Records from a dataset:
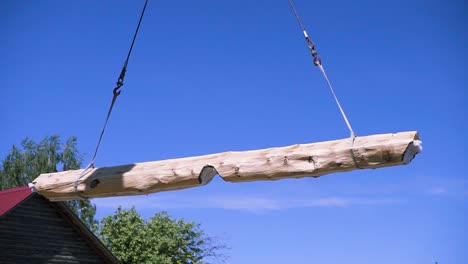 log beam being lifted by crane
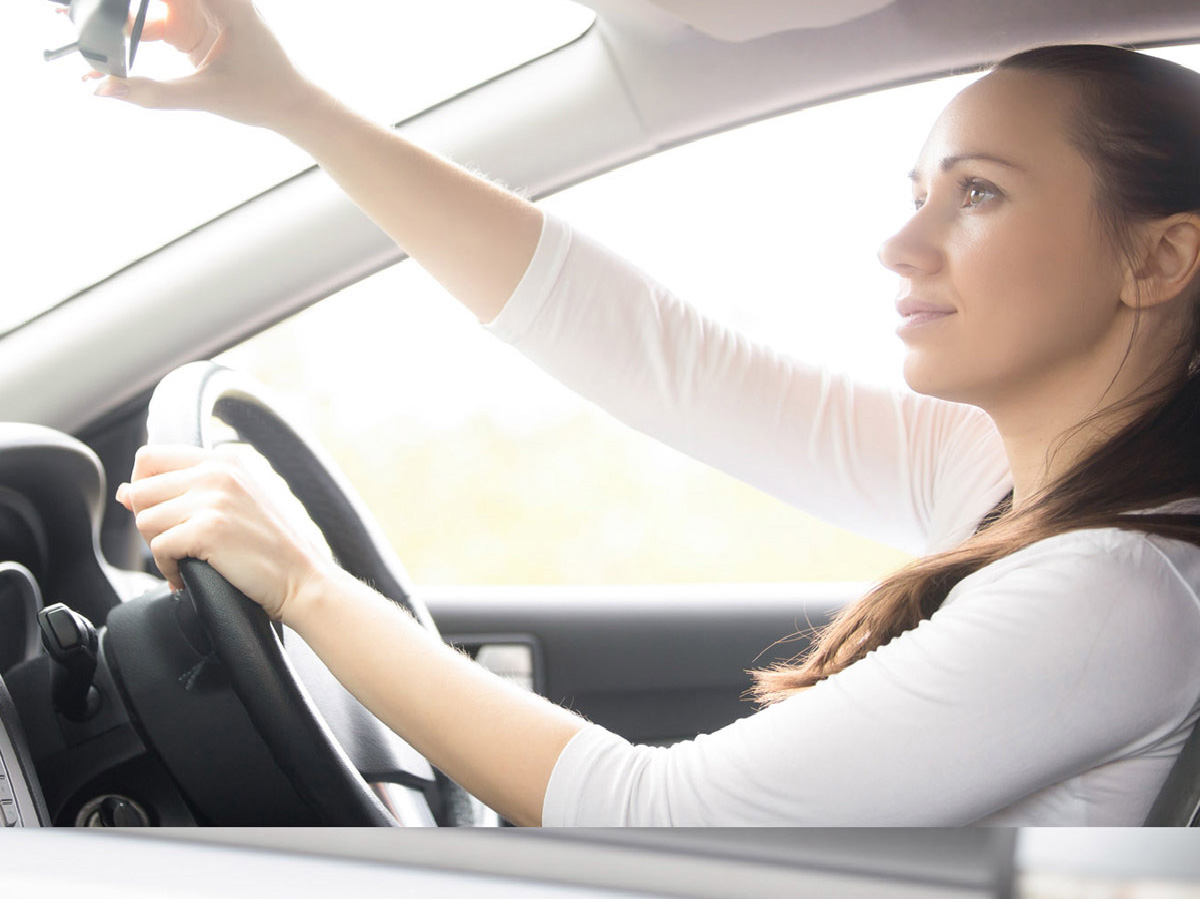 happy male driving car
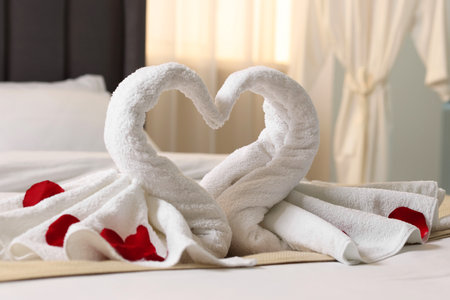 Honeymoon. Swans made of towels and rose petals on bed in roomの写真素材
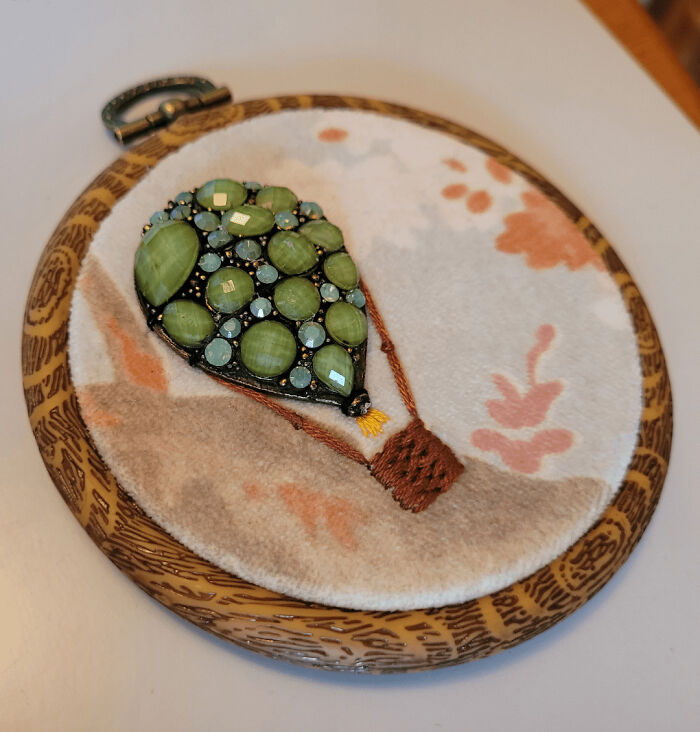 Embroidered hot air balloon adorned with green beads and detailed stitching in a decorative wooden embroidery hoop.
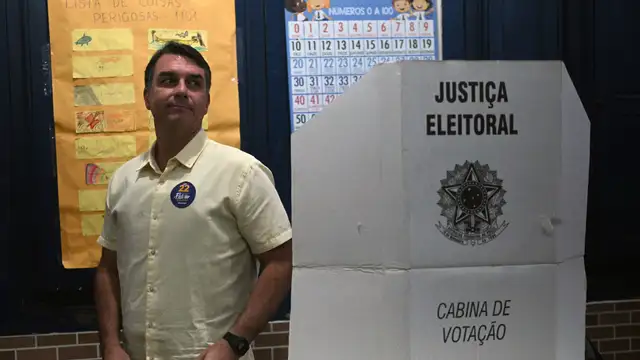 Flávio Bolsonaro sai de uma cabine de votação após registrar seu voto durante o segundo turno da eleição presidencial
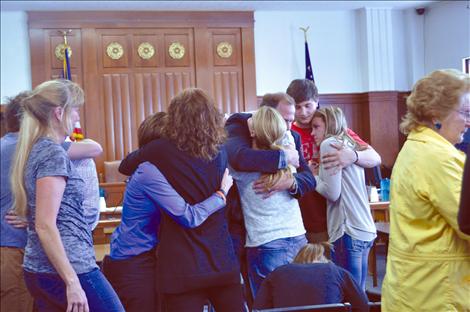 Family members of Trevor Olson and Tanner Olson embrace after a jury rules that a defective steering knuckle was the cause of a July 2, 2011 wreck that killed the teenagers.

* **Work order**:
Exactly the lines from the one that contains "Embroidered hot air" through the last line of the records should be set down, and the pictures should be dropped.

* **Response for this exercise**:
 Embroidered hot air balloon adorned with green beads and detailed stitching in a decorative wooden embroidery hoop.
 Flávio Bolsonaro sai de uma cabine de votação após registrar seu voto durante o segundo turno da eleição presidencial
 Family members of Trevor Olson and Tanner Olson embrace after a jury rules that a defective steering knuckle was the cause of a July 2, 2011 wreck that killed the teenagers.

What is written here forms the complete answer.